People's Democracy

(Weekly Organ of the Communist Party of India (Marxist)


Vol. XXVIII

No. 03

January 18, 2004

FIXED TERM EMPLOYMENT WORKMEN

 

Central TUs Say ‘Revoke This Notification’

 

EIGHT central trade unions – AITUC, CITU, HMS, INTUC, AICCTU, TUCC, UTUC and UTUC(LS) – have in a joint statement condemned the Vajpayee government’s notification introducing a new classification of ‘fixed term employment workman’ by way of an amendment to the Industrial Employment (Standing Orders) Central Rules, 1946.

 

Apprehending that this move of the government will promote widespread casualisation of workforce and result in gradual elimination of the permanent workmen’s category itself in most of the establishments, the unions have demanded immediate revocation of the notification issued on December 10, 2003.

 

They also felt that the government had clearly bypassed the Parliament by amending the Schedule, which was part of the legislation enacted by the Parliament. “It can only be amended with the express consent of the Parliament and not by an administrative fiat”, they stated.

 

Even though the matter pertained to industrial relations policy, the government had unilaterally issued a preliminary notification on September 4, 2003 without consulting trade unions.
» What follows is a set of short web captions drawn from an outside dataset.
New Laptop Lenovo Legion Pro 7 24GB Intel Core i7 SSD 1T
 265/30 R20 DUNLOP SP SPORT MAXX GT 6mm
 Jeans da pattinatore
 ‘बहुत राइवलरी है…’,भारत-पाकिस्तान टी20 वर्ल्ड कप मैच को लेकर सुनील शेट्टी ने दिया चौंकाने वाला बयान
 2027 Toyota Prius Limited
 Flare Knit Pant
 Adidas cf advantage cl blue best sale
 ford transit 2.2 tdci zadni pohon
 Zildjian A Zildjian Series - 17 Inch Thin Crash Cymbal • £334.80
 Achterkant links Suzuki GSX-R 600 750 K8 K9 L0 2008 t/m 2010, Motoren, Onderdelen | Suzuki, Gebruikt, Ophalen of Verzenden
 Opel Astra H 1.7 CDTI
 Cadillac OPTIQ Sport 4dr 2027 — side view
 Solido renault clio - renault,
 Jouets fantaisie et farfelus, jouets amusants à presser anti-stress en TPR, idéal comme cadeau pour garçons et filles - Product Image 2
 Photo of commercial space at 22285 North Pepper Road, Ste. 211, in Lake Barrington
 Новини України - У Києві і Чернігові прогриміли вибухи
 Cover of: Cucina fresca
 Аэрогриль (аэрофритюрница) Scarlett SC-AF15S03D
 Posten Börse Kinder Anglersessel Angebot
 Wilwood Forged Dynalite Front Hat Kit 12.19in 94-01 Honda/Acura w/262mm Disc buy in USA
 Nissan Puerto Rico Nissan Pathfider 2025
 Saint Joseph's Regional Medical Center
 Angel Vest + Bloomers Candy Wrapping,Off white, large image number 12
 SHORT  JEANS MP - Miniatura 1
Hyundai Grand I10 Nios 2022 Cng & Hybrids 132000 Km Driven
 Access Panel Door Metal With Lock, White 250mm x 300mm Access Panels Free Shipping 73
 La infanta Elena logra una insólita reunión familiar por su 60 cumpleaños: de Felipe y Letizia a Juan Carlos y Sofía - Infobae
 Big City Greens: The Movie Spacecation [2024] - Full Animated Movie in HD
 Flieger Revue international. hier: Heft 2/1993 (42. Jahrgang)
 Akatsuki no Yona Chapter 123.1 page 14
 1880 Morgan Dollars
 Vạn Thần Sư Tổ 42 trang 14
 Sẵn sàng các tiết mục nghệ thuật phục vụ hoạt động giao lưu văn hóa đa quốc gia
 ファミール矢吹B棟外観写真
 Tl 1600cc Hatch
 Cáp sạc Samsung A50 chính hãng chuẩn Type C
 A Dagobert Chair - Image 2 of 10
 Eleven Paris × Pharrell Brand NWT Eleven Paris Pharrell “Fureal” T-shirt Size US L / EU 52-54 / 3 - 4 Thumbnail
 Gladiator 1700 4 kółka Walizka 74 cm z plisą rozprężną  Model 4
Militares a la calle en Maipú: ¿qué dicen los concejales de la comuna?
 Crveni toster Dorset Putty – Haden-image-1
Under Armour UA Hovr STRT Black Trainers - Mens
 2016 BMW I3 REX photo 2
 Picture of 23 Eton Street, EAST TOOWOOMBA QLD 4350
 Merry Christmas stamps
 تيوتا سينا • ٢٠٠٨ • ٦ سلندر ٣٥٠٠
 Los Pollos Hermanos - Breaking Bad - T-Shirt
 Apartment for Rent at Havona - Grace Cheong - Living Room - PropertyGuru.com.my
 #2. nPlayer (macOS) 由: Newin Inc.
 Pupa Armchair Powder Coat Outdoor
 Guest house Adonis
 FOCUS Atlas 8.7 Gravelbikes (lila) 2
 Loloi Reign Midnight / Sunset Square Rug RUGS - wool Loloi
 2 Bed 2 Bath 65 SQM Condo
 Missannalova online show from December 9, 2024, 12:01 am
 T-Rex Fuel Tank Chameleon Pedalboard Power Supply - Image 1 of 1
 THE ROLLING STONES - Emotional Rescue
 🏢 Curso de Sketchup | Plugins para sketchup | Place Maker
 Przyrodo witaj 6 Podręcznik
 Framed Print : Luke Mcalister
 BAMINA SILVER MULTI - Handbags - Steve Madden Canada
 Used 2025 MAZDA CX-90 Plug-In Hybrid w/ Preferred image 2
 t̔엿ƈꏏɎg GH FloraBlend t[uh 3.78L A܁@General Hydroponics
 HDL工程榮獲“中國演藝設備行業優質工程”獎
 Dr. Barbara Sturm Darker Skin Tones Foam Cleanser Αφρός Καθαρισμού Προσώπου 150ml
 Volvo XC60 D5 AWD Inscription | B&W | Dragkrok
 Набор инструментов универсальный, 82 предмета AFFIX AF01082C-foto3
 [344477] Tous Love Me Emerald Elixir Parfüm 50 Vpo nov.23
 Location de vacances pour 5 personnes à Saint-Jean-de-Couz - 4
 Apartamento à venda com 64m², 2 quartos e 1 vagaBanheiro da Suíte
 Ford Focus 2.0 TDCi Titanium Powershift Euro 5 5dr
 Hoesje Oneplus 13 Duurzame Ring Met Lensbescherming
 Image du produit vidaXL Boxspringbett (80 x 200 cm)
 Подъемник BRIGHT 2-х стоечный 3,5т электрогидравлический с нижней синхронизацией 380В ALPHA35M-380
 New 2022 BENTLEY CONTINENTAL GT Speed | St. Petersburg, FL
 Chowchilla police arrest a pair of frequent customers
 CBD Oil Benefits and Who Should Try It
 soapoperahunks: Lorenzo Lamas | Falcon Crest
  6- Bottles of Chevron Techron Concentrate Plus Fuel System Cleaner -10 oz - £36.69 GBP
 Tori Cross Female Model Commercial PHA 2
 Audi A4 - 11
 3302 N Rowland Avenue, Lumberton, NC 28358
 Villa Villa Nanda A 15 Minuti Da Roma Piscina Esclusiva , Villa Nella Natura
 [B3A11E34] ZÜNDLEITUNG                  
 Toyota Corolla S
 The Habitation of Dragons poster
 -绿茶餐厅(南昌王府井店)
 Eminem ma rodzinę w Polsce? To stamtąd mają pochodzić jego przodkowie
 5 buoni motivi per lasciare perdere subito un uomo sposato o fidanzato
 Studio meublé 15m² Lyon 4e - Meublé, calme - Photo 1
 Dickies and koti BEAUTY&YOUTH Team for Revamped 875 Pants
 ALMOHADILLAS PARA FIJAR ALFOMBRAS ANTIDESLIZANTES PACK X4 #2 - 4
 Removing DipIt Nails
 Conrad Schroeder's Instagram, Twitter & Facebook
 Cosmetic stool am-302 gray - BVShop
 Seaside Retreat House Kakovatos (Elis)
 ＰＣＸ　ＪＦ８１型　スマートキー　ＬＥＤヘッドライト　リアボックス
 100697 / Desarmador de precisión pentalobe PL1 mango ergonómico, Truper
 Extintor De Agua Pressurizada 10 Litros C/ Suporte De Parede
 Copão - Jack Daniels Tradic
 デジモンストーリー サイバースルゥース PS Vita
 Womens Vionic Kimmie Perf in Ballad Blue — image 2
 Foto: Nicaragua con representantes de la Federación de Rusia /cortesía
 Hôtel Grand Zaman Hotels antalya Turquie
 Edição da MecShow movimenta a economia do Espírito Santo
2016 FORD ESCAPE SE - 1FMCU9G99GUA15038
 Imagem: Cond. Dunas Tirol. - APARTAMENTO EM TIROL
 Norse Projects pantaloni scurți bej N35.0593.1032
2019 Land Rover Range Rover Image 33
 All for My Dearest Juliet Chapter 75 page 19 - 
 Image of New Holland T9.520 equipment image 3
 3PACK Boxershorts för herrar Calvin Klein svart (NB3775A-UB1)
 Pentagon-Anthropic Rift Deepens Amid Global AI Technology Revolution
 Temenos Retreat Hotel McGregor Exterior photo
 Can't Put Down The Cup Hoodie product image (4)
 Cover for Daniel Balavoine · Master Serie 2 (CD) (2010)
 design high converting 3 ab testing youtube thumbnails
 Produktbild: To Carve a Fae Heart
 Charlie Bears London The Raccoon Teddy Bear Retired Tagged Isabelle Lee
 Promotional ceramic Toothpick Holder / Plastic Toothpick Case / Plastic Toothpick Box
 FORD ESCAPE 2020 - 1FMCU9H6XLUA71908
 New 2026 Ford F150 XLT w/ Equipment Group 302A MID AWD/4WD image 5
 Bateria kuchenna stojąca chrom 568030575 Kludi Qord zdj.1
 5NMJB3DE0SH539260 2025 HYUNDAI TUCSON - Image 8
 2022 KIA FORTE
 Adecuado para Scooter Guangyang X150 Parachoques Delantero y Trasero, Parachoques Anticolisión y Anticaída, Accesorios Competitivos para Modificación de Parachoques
Following strong protest from the unions, the government convened a meeting on November 12, 2003 to discuss this issue. The trade unions, without exception, conveyed their total objection to the introduction of such a new classification of workmen. They also condemned the government for “throwing to winds all ethos of tripartism and reducing the consultation process to a mockery.”

However, the government ignored these views and proceeded to issue this notification on December 10, 2003 – the copies of which reached the trade unions only recently.

 

As per the Industrial Employment Standing Orders, workmen are already classified as permanent, probationer, badli, temporary, casual and apprentice. The amendment has brought in such workmen who are ‘engaged on the basis of contract of employment for a fixed period’ in the definition of the ‘fixed term employment workman’. This will result in indiscriminate contractual appointments for any number of ‘fixed terms’ in jobs, including those which are of perennial and permanent nature. This will immensely harm the interests of the workers.

 

The unions have made it clear that this amendment is nothing but a way of introducing a ‘hire and fire’ regime in industrial employment. “It will only help the employers to engage a workman on ‘fixed term employment’ for any length of time, without ever making him permanent, by resorting to perpetual renewal of the ‘contract of employment for a fixed period’. 

 

W R Varada Rajan (CITU) D L Sachdeva (AITUC), R A Mittal (HMS), Chandidas Sinha (INTUC) Swapan Mukherjee (AICCTU), S C Gaur (TUCC), Abani Roy (UTUC) and Achinta Sinha of UTUC(LS) were signatories to the joint statement, which was issued on January 3.